Pompeo framed the U.S.-China relationship in stark terms as he noted a series of initiatives to counter Beijing’s influence internationally. The competition ranges across economic and espionage threats, as well as American support for Taiwan the last bastion of the government overthrown during the 1949 Chinese Communist Revolution and the target of an aggressive diplomatic campaign from Chinese President Xi Jinping’s regime.

“We understand the importance of that relationship,” Pompeo said of Taiwan. “And more importantly we have taken a much fuller view than previous administrations this is not partisan, this goes back to Republicans and Democrats alike of the concerns about the risk that China presents to American wealth creation and our continued democracy.”

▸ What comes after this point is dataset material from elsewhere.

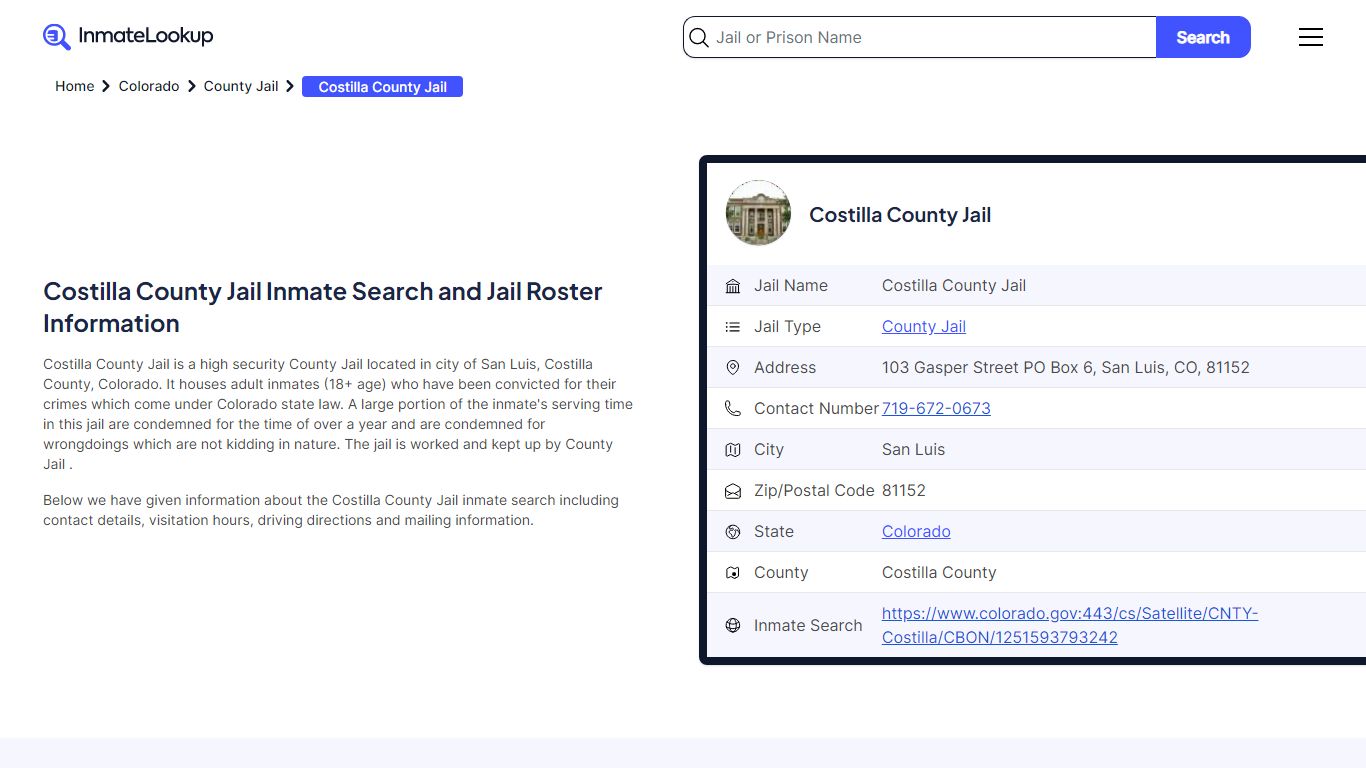 Costilla County Jail (CO) Inmate Search Colorado - Inmate Lookup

The island government maintains a cosy partnership with American officials, even though the United States has not had formal diplomatic ties with Taiwan since 1979. President Trump signed a bill into law last year that encourages U.S. government officials to travel to the capital of Taipei.

“I don’t want to get too far out ahead of what we’re doing”

Ambassador Sam Brownback, the top envoy for international religious freedom, relied on that authorisation just weeks ago by attending a conference in Taiwan where he was critical of China’s human rights record. “I’m sure there is more to follow,” he said, in a reference to Brownback’s trip.

Pompeo also noted his efforts to convince European and Middle Eastern allies not to partner with major Chinese telecommunications companies that could cooperate with Beijing’s spy services.

The most consistent series of diplomatic clashes arise from China’s Belt and Road Initiative, which the U.S. regards as a “predatory” plan to throw cash at impoverished nations in strategically significant locations in order to gain leverage over the debtor governments.

U.S. officials have been pointing to the example of Sri Lanka, where China gained sovereignty over a newly constructed port, as an example of what happens when countries bargain with the communist power.

“I think countries throughout Asia, Southeast Asia, are waking up to this concern,” Pompeo said.